En todo caso, el significado total del abrazo nos trasciende; es difícil conocer y manejar todo lo que se mueve en nosotros en él. Paul Ricoeur lo diría así: cuando dos personas se abrazan, no saben lo que hacen; no saben lo que quieren; no saben  lo que buscan; no saben lo que encuentran.

Acariciar

Así también, apretarse las manos, acariciar, es una experiencia que levanta el ánimo, reconstruye a la persona, sobre todo si en las manos está el corazón.

Me gusta recordar que San Camilo de Lelis, experto en la atención en el sufrimiento, les decía a sus compañeros hace cuatro siglos: "más corazón en esas manos, hermanos". Y es que las manos, el contacto corporal, tienen mucho poder cuando en ellas está puesto el corazón tierna y entrañablemente.

Acariciar, tocar en medio del sufrimiento –sobre todo cuando éste es intenso y sus manifestaciones visibles- permite licencias que no se dan en otros contextos. Aquí la caricia está llena de significado solidario, de comunicación generosa, de libertad y compromiso.

Quien sabe acariciar comunica ternura; sabe de la dureza de la vida y le pone blandura; conoce el peso del sufrimiento y recoge y alivia parte de él; sabe de la incomprensibilidad absoluta de la elaboración personal y única de la experiencia ajena y entrega una dosis de comprensión concreta; entiende de soledades y suaviza el desierto con presencia.

Besar

También besar humaniza la relación. No se puede hacer en todo momento ni en cualquier contexto.
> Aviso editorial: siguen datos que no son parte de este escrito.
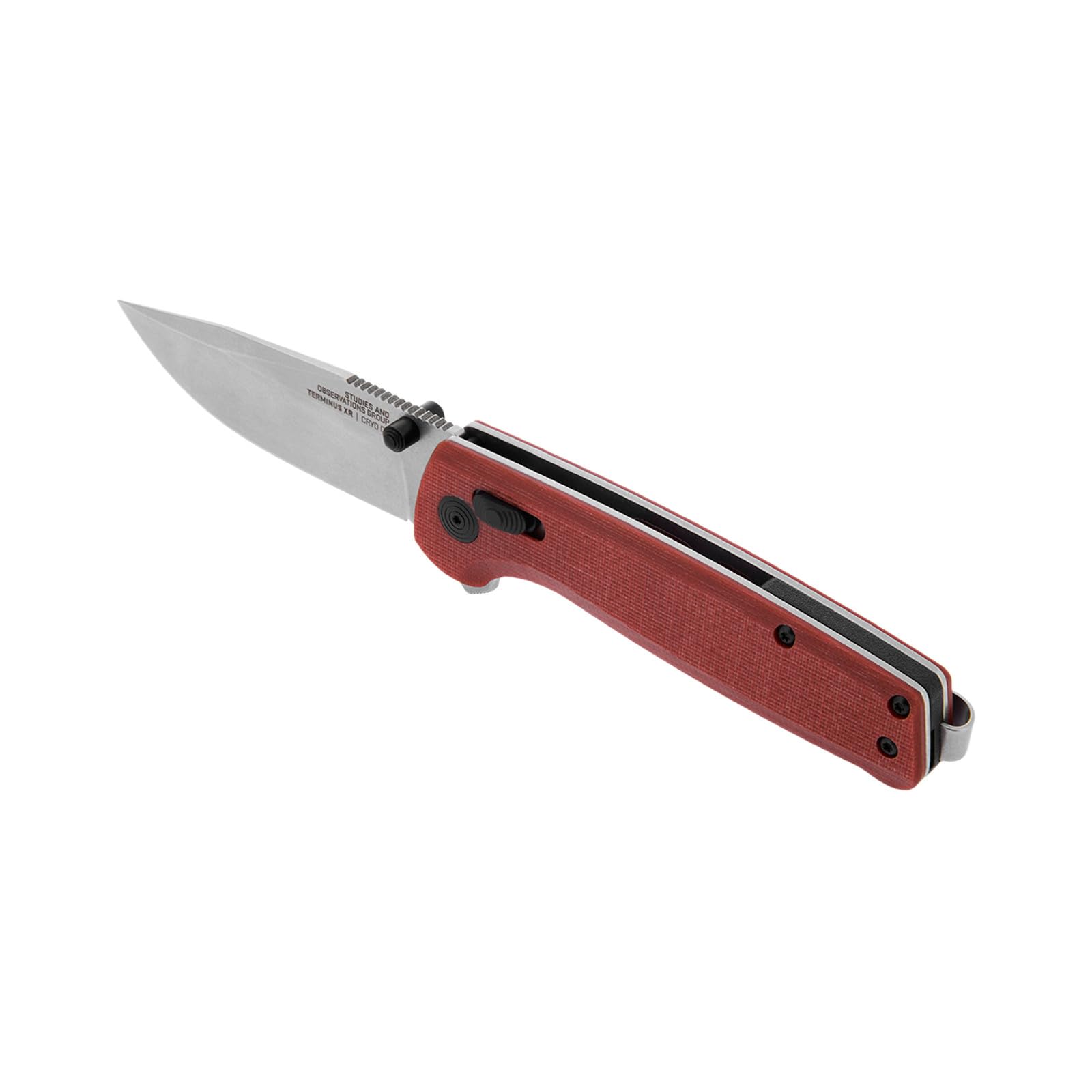 SOG Folding Pocket Knife Terminus XR G10- Ambidextrous EDC Knife with Adjustable Belt Clip, G10 Handle, and Stonewashed Hardware- Crimson (TM1023-CP)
Si el beso es dado sinceramente y no como pura formalidad, es también un compromiso de proximidad.

Quien besa de verdad, quien con sus labios toca (¡cuántos besos dados al aire!) la piel de otra persona, comunica calor, comunica aprecio, comunica aceptación, expresa familiaridad y confianza. Quien toca con sus labios la carne de otra persona, se aproxima a ella y en ella se encarna. Acepta la tarea de no escaparse por el mero ámbito de la racionalidad y mantenerse con los pies en tierra, en la realidad asumida en que cada uno se encuentra.

El beso, además de al aire, insulso, intangible y frío, puede ser también traidor. Este es justamente el contrario a aquél que se da en medio del compromiso recíproco por aceptar, apoyar, aproximar y decidir entrar con familiaridad en la extrañeza de la otra persona.

Quizás el significado del abrazo más fuerte, de la caricia más suave y del beso más tierno pueda ponerse todo junto en una mirada envolvente, serena y entrañable que –sin escapar de nada- sostenga a quien –como yo mismo- se reconoce y vive en la fragilidad.